Beer Run: In a blind IPA tasting, local options top list

The IPA tasting panel at the end of a lengthy session. L-R, Seann Rooney, Louie Toro and Sam Blackmon. Their standard for a well-made IPA? Do they want to drink it again?
The IPA tasting panel at the end of a lengthy session. L-R, Seann Rooney, Louie Toro and Sam Blackmon. Their standard for a well-made IPA? Do they want to drink it again?

Last week, Beer Run covered the upcoming Track 7 IPA Invitational, an exciting new event that will see some of the best breweries in the West, including local hotshots, vie for supremacy in the most popular category in craft beer.

So I wondered: How does Sacramento stack up?
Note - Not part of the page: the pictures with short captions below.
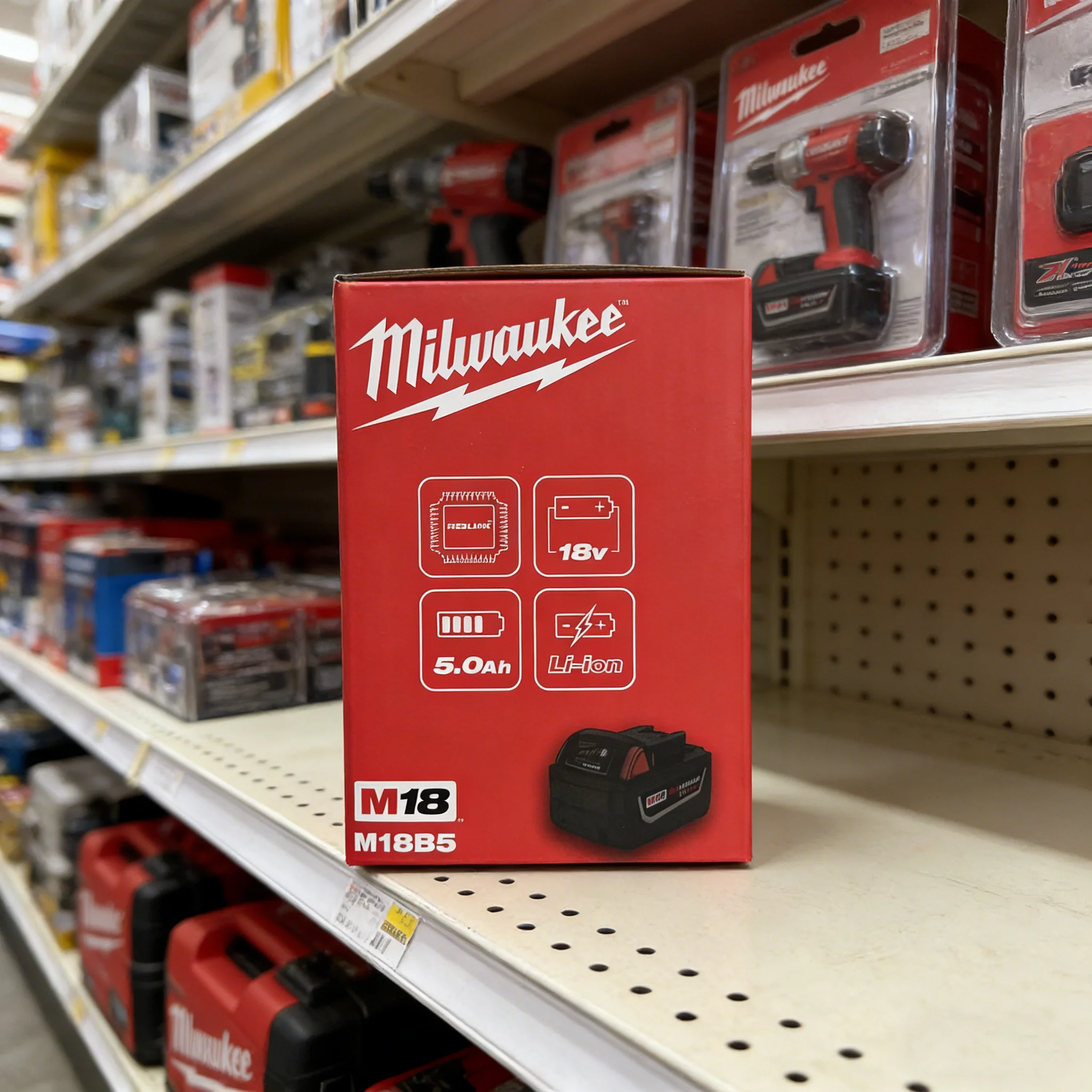 

M18 Original Milwaukee Battery 18V 5Ah Compatible M18B5 with Milwaukee M18 Tool Series,for 48-11-1815 48-11-1850 Power Tools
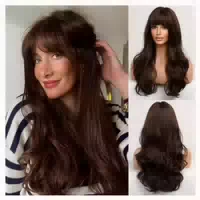 Perücke Pony Locken Synthetik 26 Zoll Damen Braune 1 st
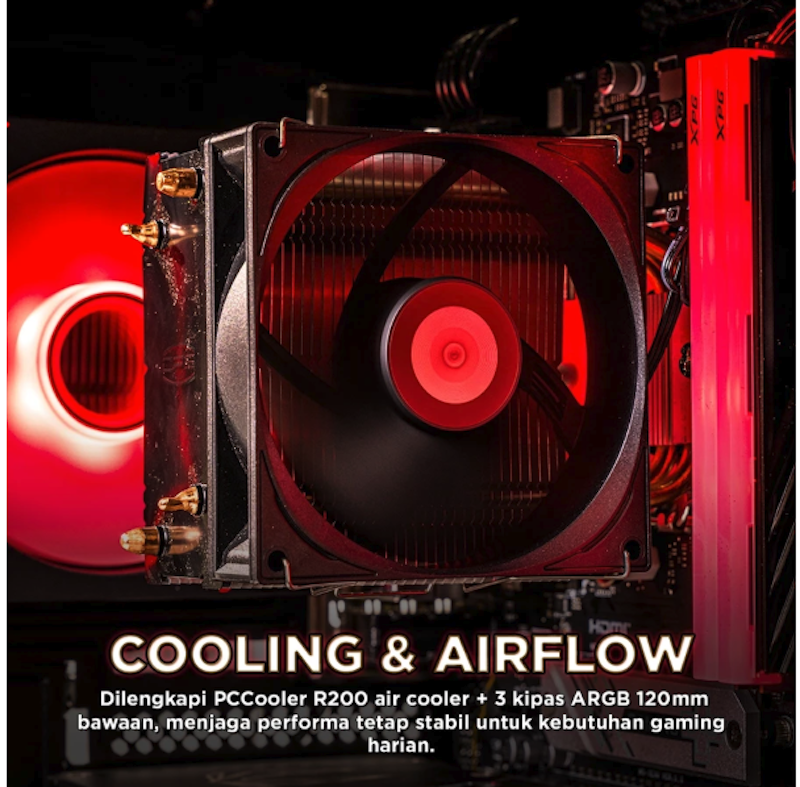 Rakitan PC Gaming Agres Pyrolite RYZEN 5 5600X RTX 3050 3
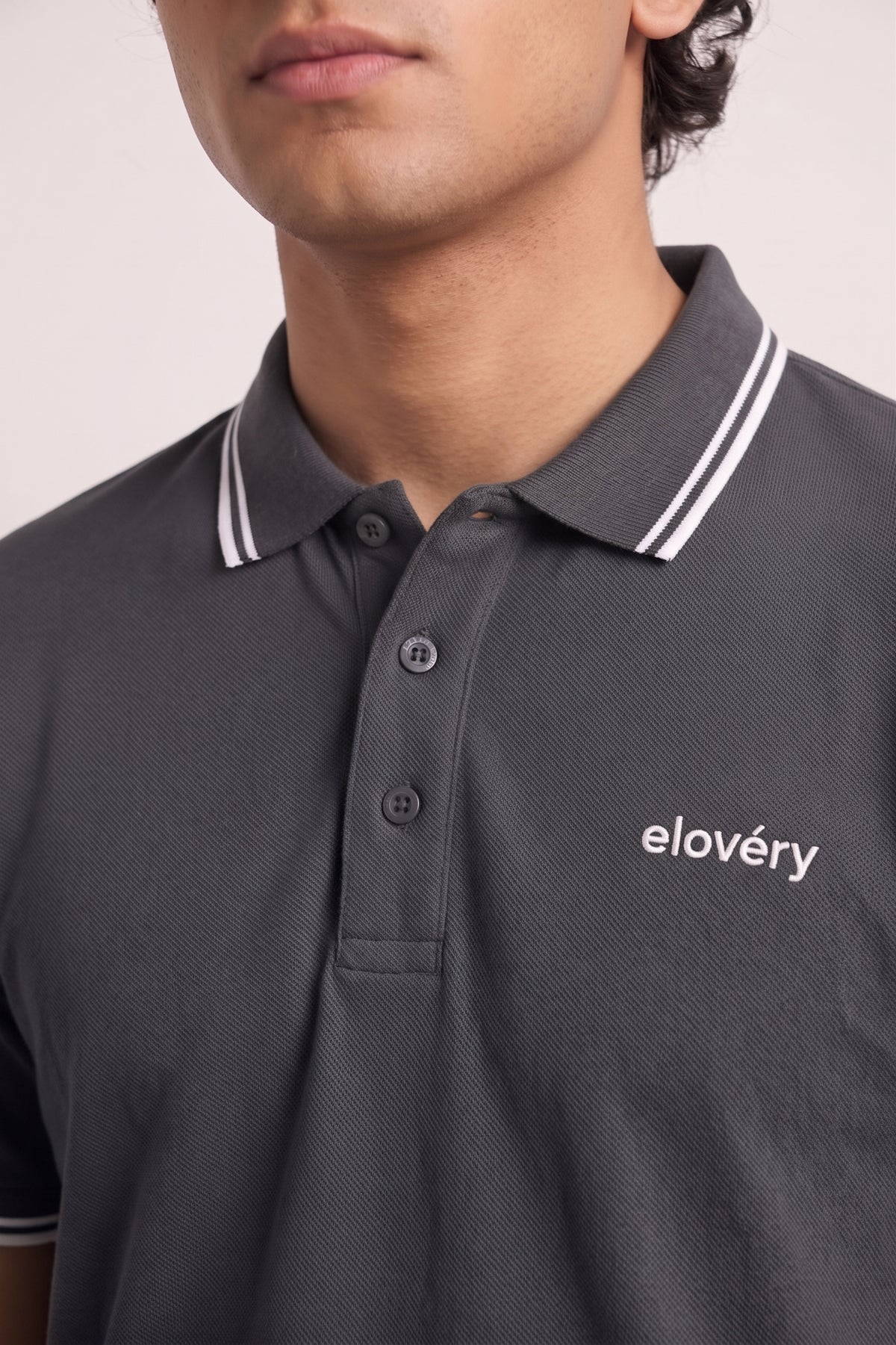 Men’s Grey Rib-Knit Tipped Collar Polo Shirt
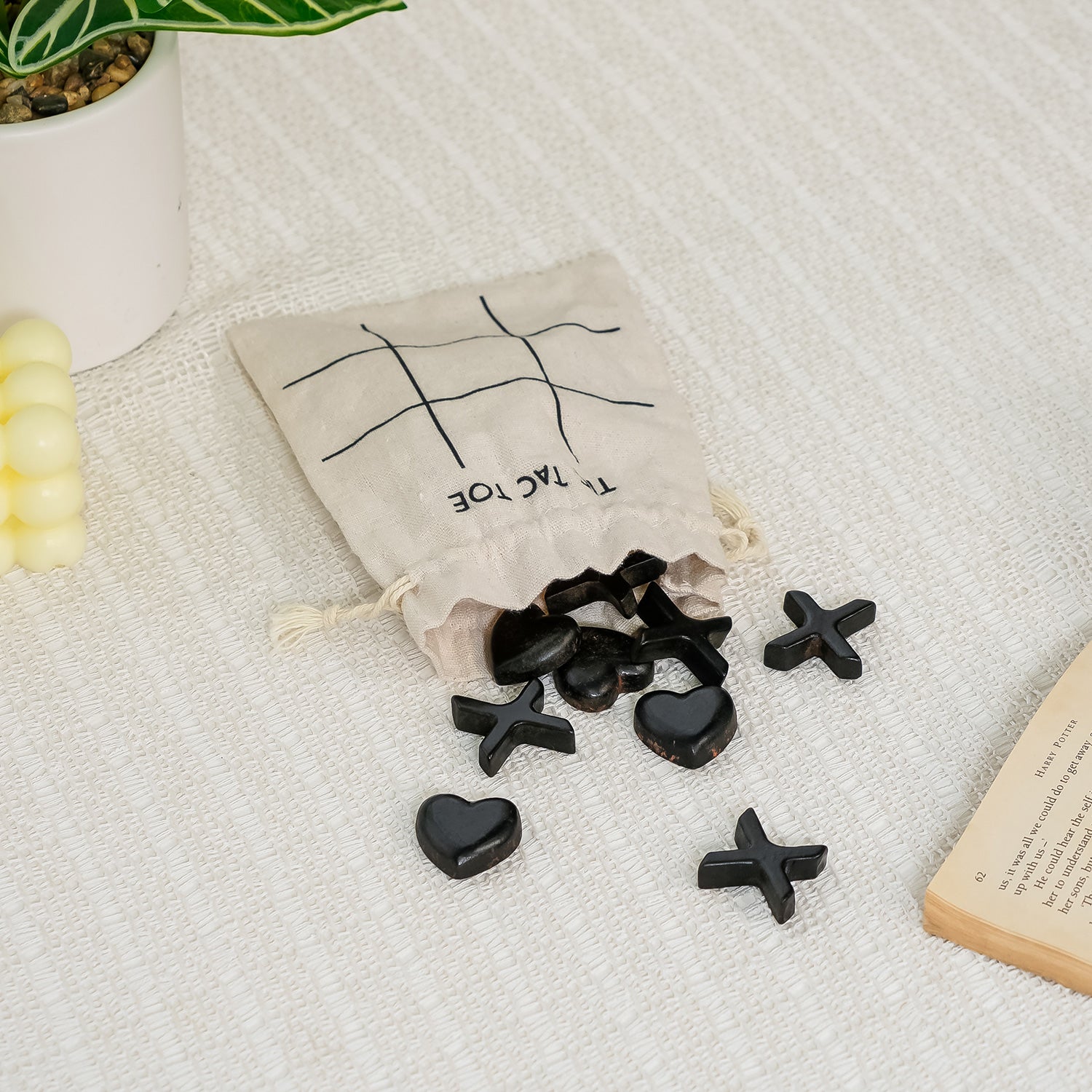 NIKKY HOME Black Heart & Cross Tic Tac Toe 3D Board Game with Cloth Bag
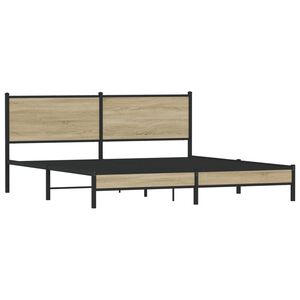 vidaXL Metallbett ohne Matratze Sonoma-Eiche 180x200 cm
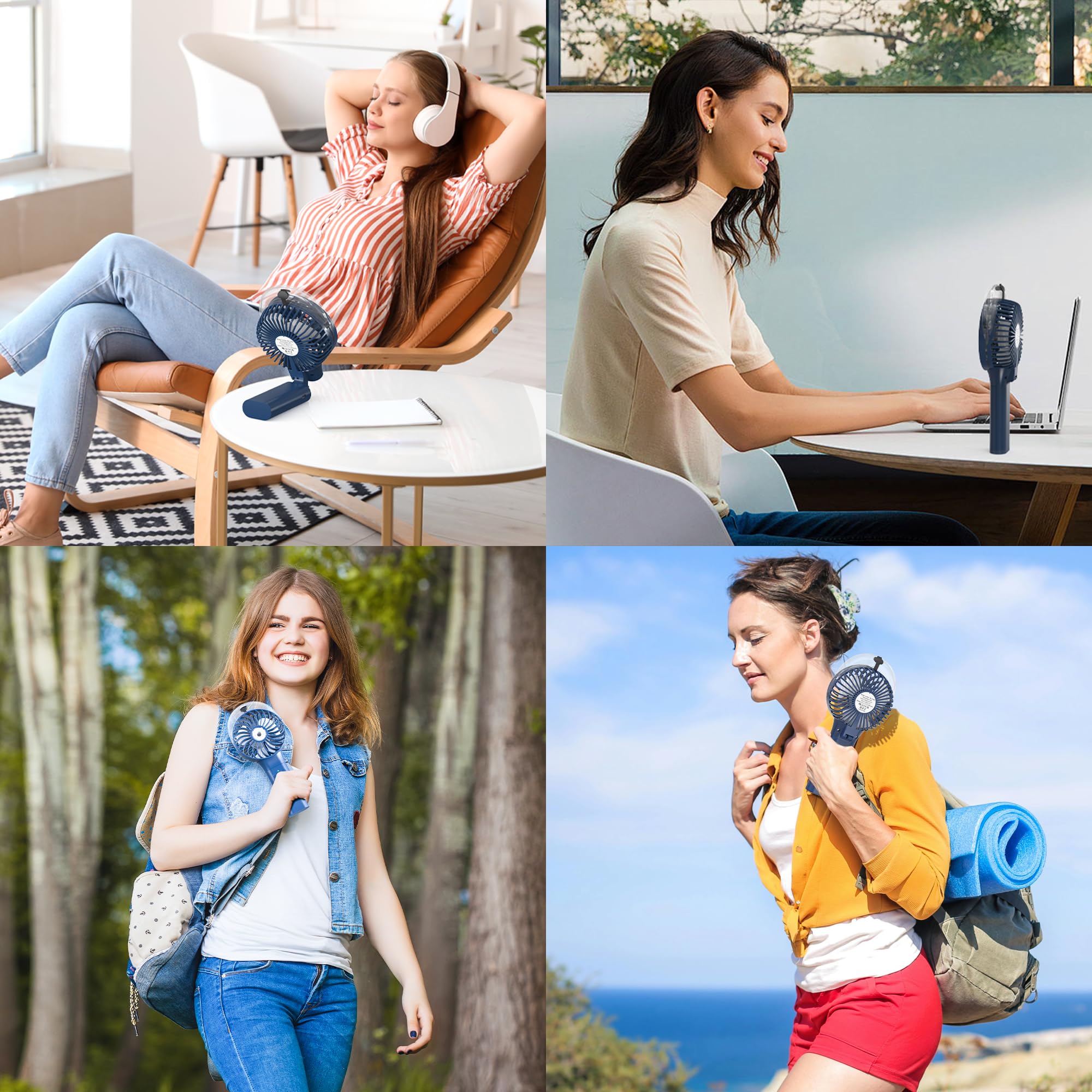 COMLIFE Portable Handheld Misting Fan, 3000mAh Rechargeable Battery Operated Spray Water Mist Fan, Foldable Mini Personal Fan for Travel, Makeup, Home, Office, Camping, Outdoors (BLUE)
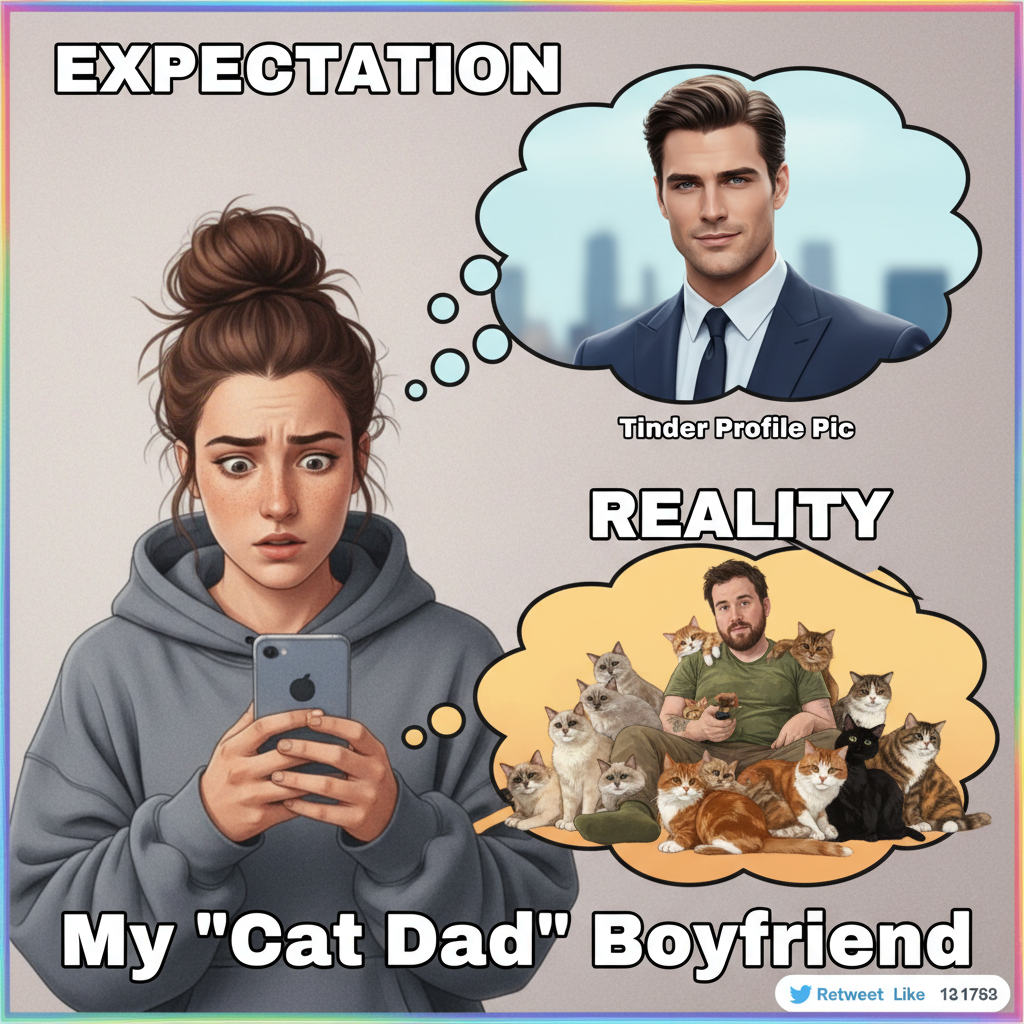 Dating apps are just a buffet of 'he's 6' but really he's 5'7" and owns 3 cats.'
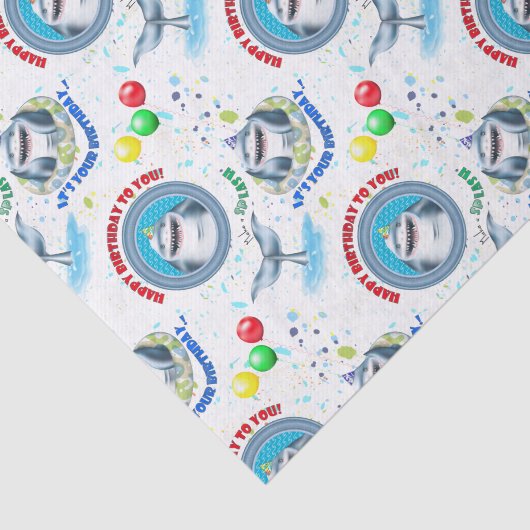 Shark Theme Kinderen Birthday Party Tissuepapier (Detail)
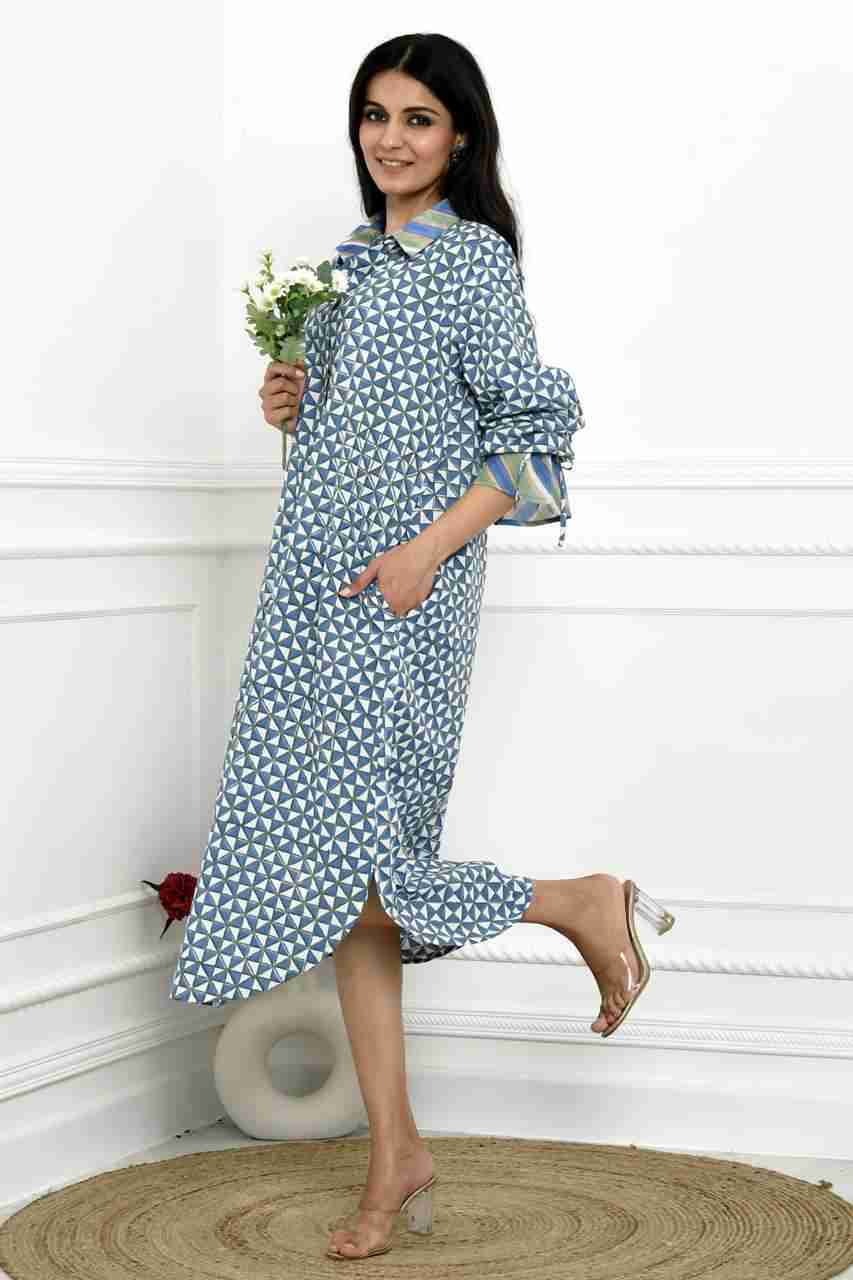 Naksh Blue Geometric Print Long Shirt-Kurta With Pockets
I recruited three of the most devoted beer geeks I know. I poured. They tasted and opined.

When it comes to the craft beer boom in Sacramento, I still hear people say that the beer is better elsewhere. Is that a lingering sense of insecurity? Or is it actually true? The only way to find out is by eliminating the bias of knowing which beer you are sipping and conducting a blind tasting. This was not intended to be comprehensive or definitive. But it did confirm my suspicions about local craft beer.

To make things interesting, I slipped in some of the biggest names in the India pale ale category: Lagunitas, Sierra Nevada and Stone. Additionally, we tasted IPAs from Device, Jack Rabbit, Rubicon, Knee Deep, New Glory, Track 7 and Sudwerk. I threw in an esoteric ringer by the Crux Fermentation Project in Bend, Ore., just to keep the tasters on their toes.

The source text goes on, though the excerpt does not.